PROBLEM TO WORK ON = I would like the lines below, from the one with "Clap on, clap" through the one with "Tap the OK button", copied exactly and without any pictures.

----- EXERCISE DATA

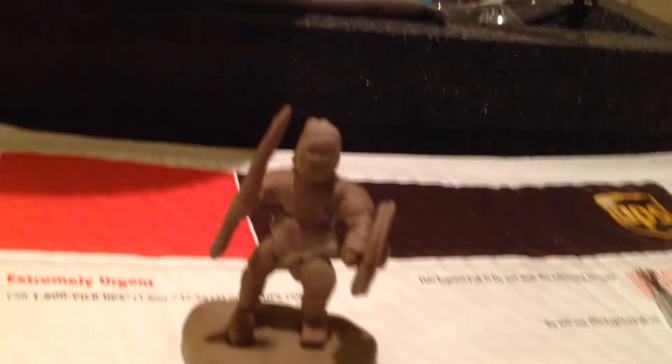So right now I'm just practicing with things. This was supposed to be a vampire. I haven't really learned how to do the faces yet.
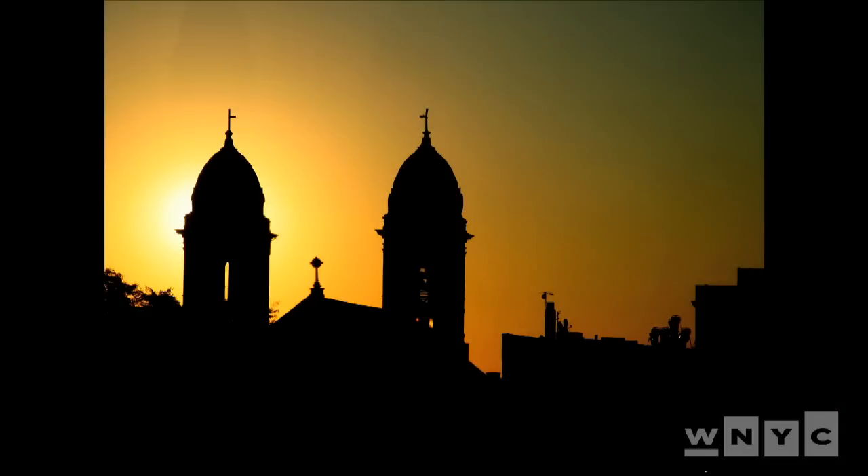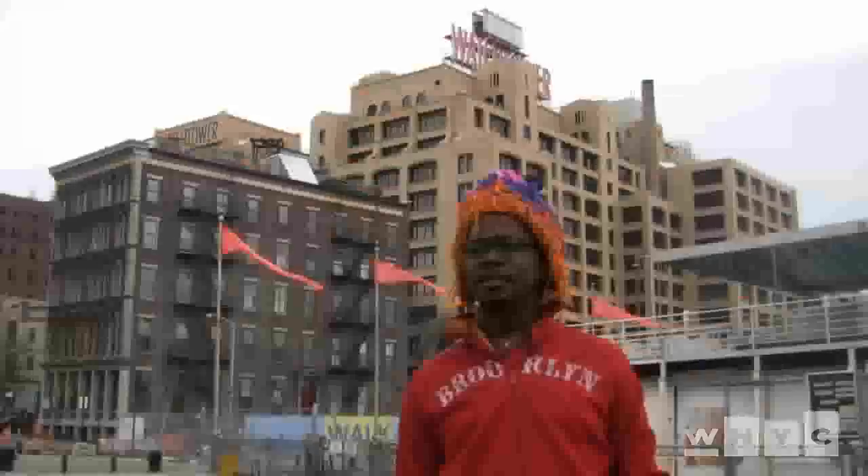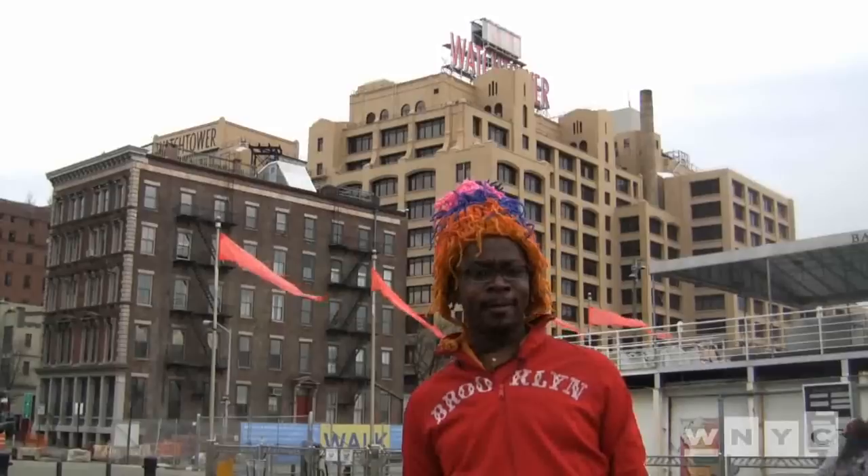I did a whole series of Brooklyn sunsets and sunrises in my book, Brooklyn Rises, and I really tried to capture that essence of the Brooklyn sky as the sun sets and rises. Some people saw shots from Crown Heights and Bed-Stuy and were wondering, is that Italy? And I'm like, no, that's Brooklyn. My photography strongly reps Brooklyn, because I think Brooklyn is where it's at.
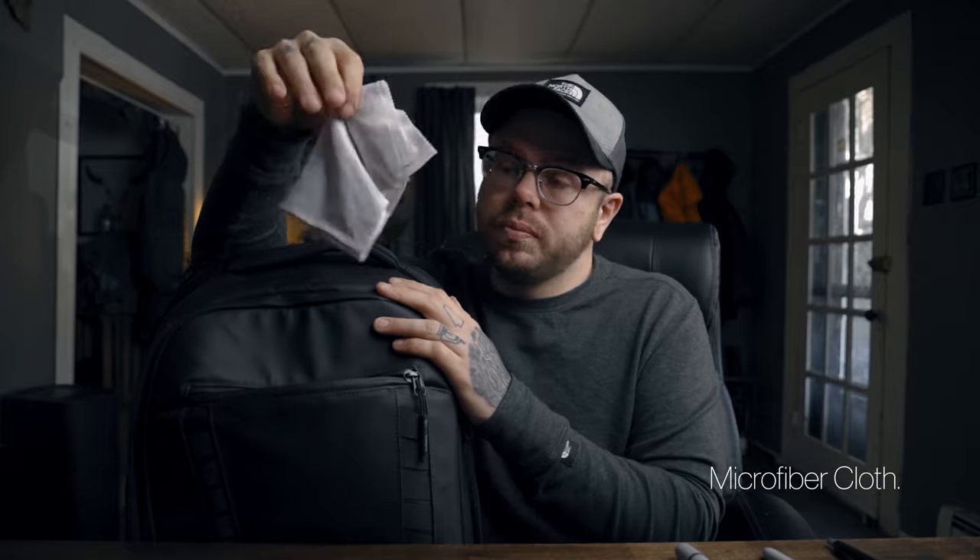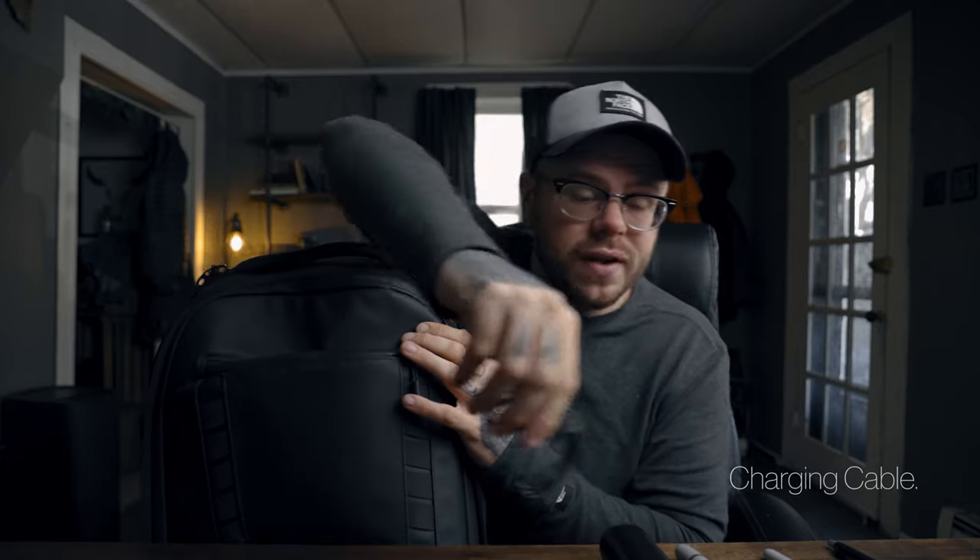I also carry a microfiber cloth. Next are my headphones — the Bose SoundSports. I love them so much. Whether I'm in a coffee shop, walking around town, doing errands, or in the zone taking photos, these are in my ears blasting music probably about 90% of the time. I also carry a little charging cable for the headphones, and being that I wear glasses and they get dusty, I also carry lens cleaning wipes.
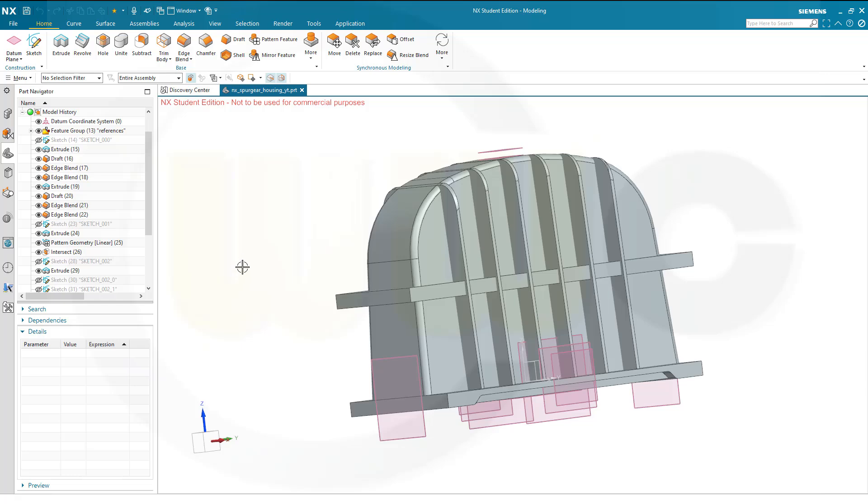Hi, welcome to the third part of the spur gear housing in Siemens NX.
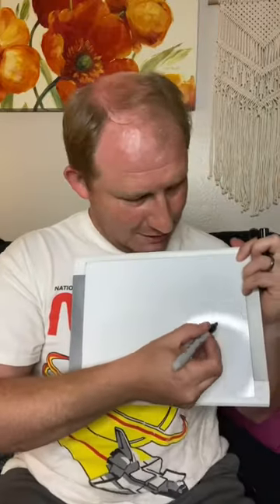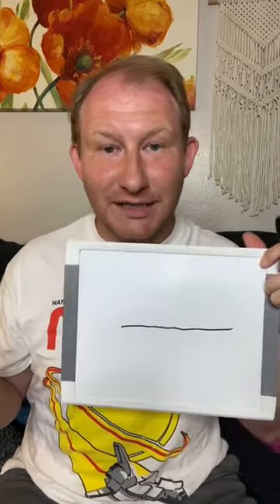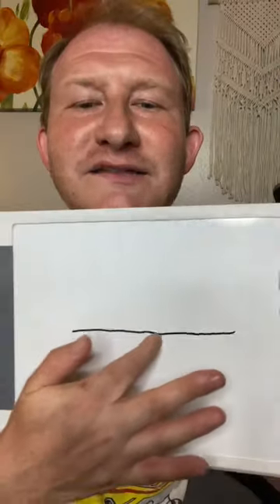I was today years old when I learned this was a hack, let's try it out. So I was told that if you take a permanent marker and you mark your whiteboard with the permanent marker — I'm going to let that dry. Oh yeah, that's not coming off.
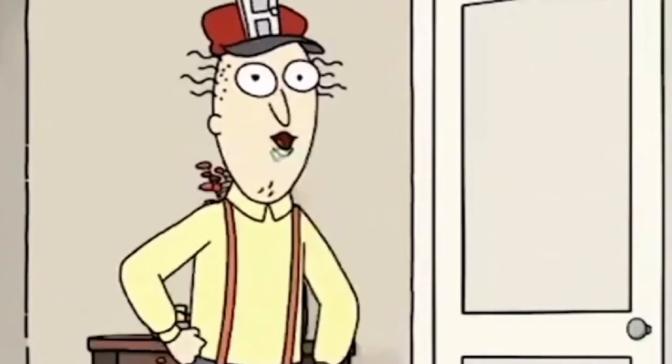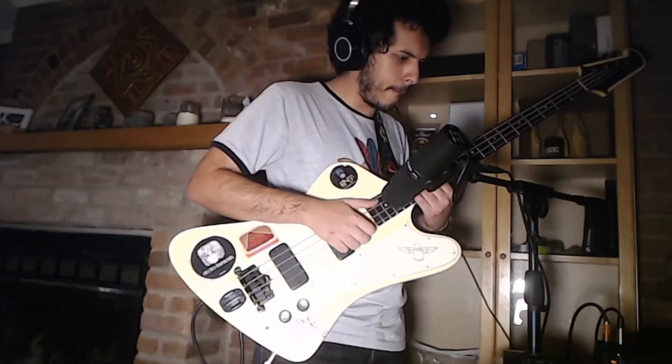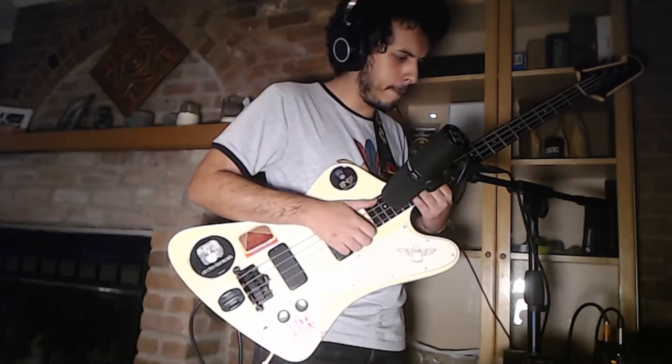Hey, do you like the sound of fresh strings on bass? It's just so nice and jangly, but whenever I try to record it, it sounds more like this.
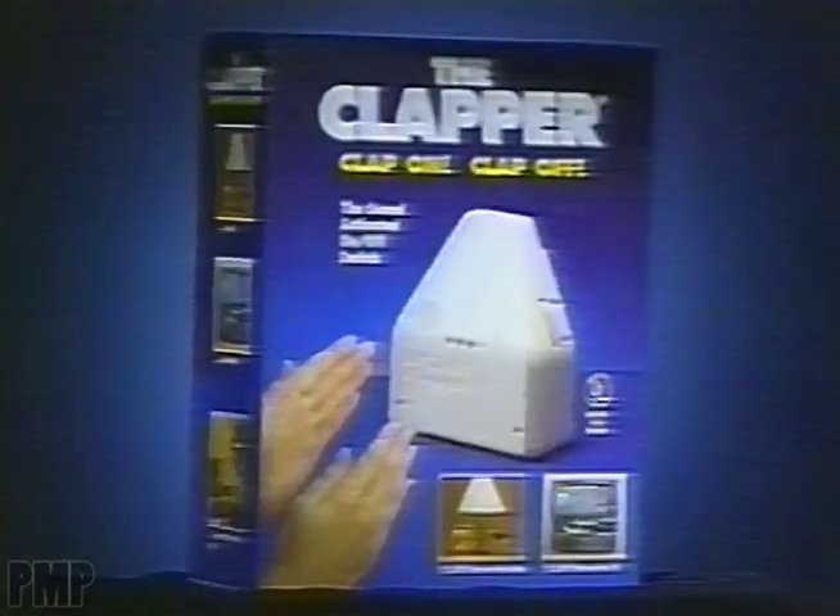Clap on, clap off. Presenting the Clapper. Just plug it in. Turns things on, turns things off.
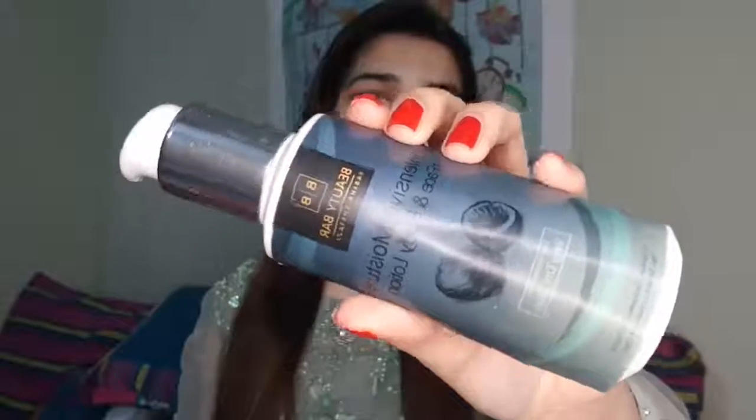First of all, we will moisturize our skin with this beauty bar. This is a very intense moisturizer for both face and body. If your skin is oily, it will be a bit greasy, so I will not recommend it to you. But if you have dry skin, it will do a good job.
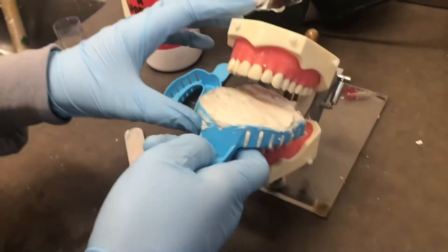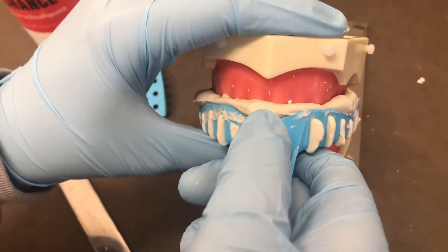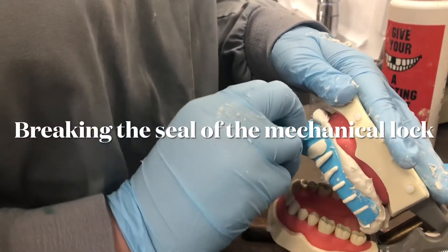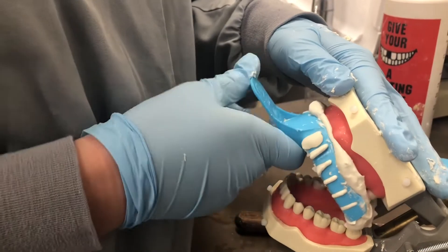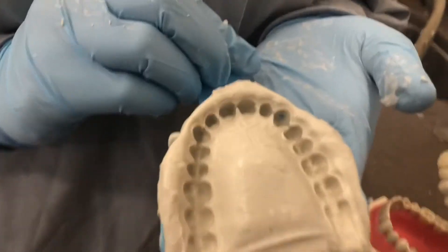After filling the tray, you're going to put it onto the maxillary. Now that it's dry, you can take it off. Here's your maxillary impression.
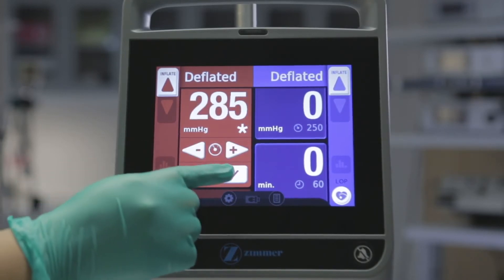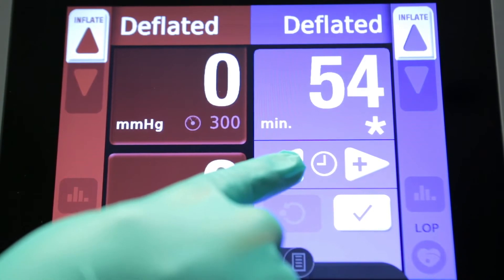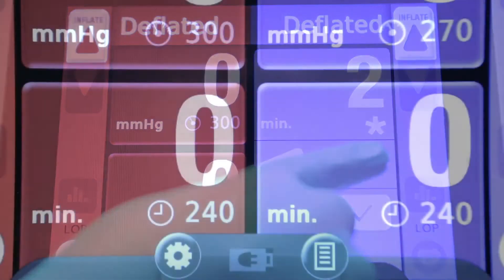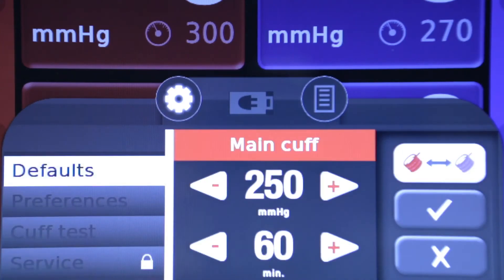Tap the OK button to confirm the setting. The time tile functions in the same way — tapping the tile shows the current time setting, and the arrows can be used to adjust the time from 1 to 240 minutes. To change the default pressure or time setting, tap the settings icon on the bottom of the screen, then tap the default menu button. The factory default pressure setting is 250 mm of mercury and the default time is 60 minutes.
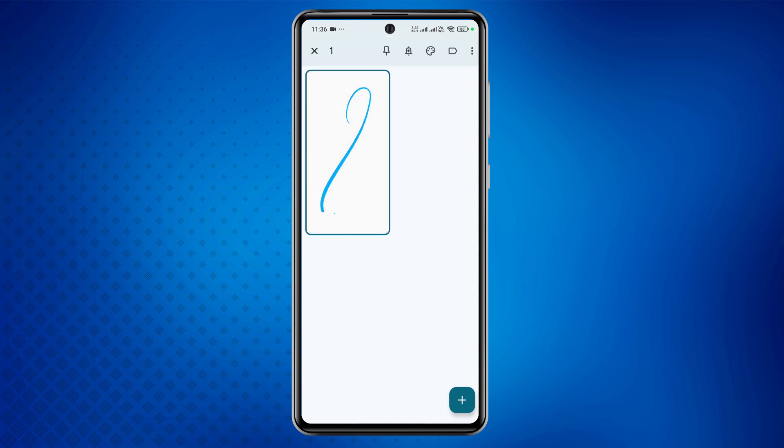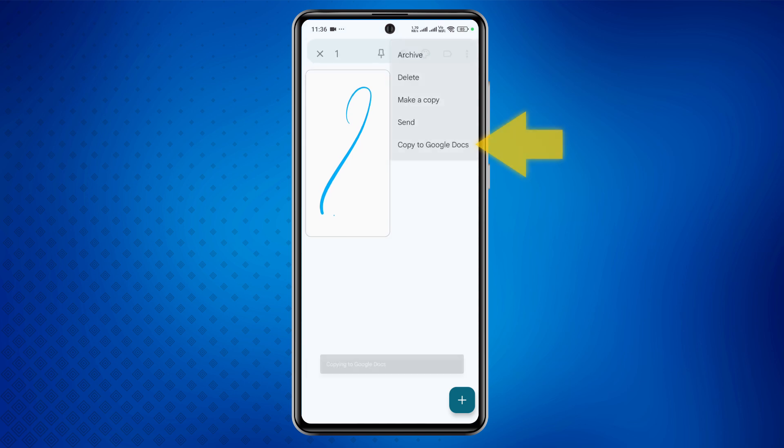Simply long press on a note to select it, and at the top of the screen you'll notice several options. Now tap on the three-dot menu located at the top right corner. From the list of options that appear, select Copy to Google Docs.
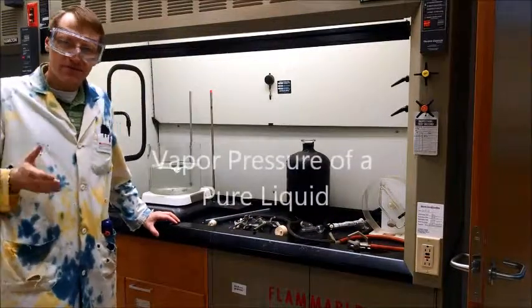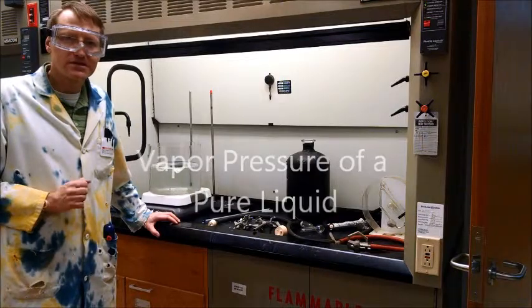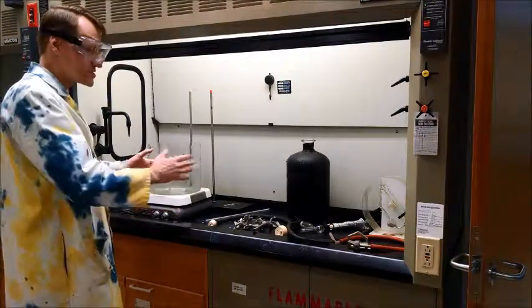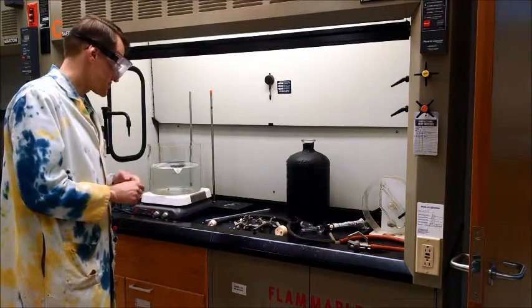We're going to measure the vapor pressure of a pure liquid by using the isotenscope method mentioned in your handout. I'm going to show you here how to set up the experiment using the isotenscope.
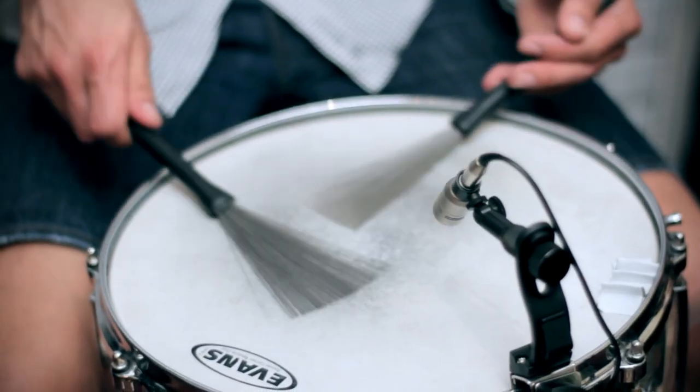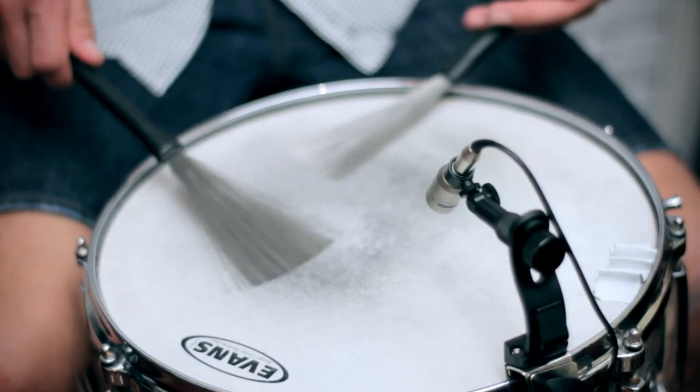We just had snare, so no drum kit this time. There was brushes to it, so I had the NT6 on a clamp. Worked really well, just picking up those nice subtle strokes the drummer was putting down.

----------

EXERCISE RESPONSE =
Clap on, clap off. Presenting the Clapper. Just plug it in. Turns things on, turns things off.
First of all, we will moisturize our skin with this beauty bar. This is a very intense moisturizer for both face and body. If your skin is oily, it will be a bit greasy, so I will not recommend it to you. But if you have dry skin, it will do a good job.
After filling the tray, you're going to put it onto the maxillary. Now that it's dry, you can take it off. Here's your maxillary impression.
Tap the OK button to confirm the setting. The time tile functions in the same way — tapping the tile shows the current time setting, and the arrows can be used to adjust the time from 1 to 240 minutes. To change the default pressure or time setting, tap the settings icon on the bottom of the screen, then tap the default menu button. The factory default pressure setting is 250 mm of mercury and the default time is 60 minutes.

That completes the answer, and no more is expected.